» **Assignment**
Your copy should contain exactly the lines from the start of the material through the line containing "Hello and welcome", and no pictures.

------ Supplied material

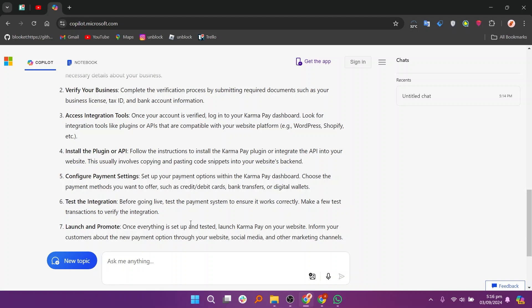Once everything is set up and tested, launch KarmaPay on your website. Inform your customers about the new payment method option through your website, social media, and other marketing channels.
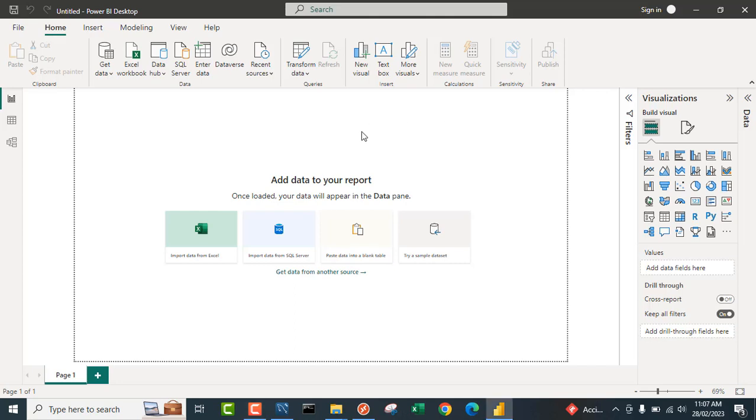Hello and welcome to this Power BI video tutorial. In this video, I'm going to show how to connect to data sets in MySQL relational database management system and import that into the Power BI data model. So let's get started.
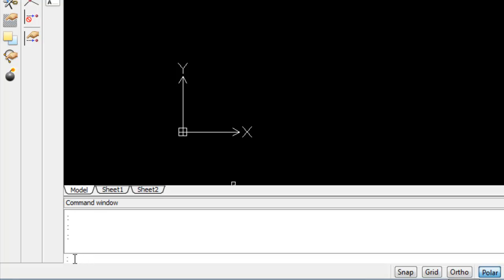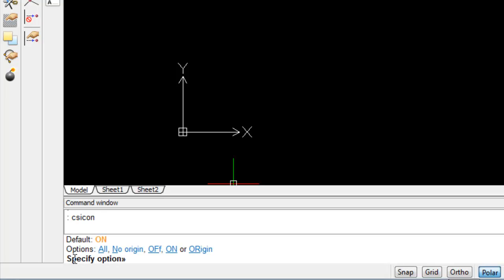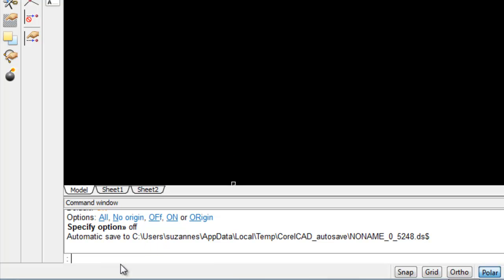we are just going to type in our command window, CSICON and hit enter. And as you can see from the options we have here, we now know what the current status is, but we wish to turn this off. So all we are going to do now is type OFF and hit enter, and the icon has disappeared.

------------

» **Exercise solution**
Once everything is set up and tested, launch KarmaPay on your website. Inform your customers about the new payment method option through your website, social media, and other marketing channels.
Hello and welcome to this Power BI video tutorial. In this video, I'm going to show how to connect to data sets in MySQL relational database management system and import that into the Power BI data model. So let's get started.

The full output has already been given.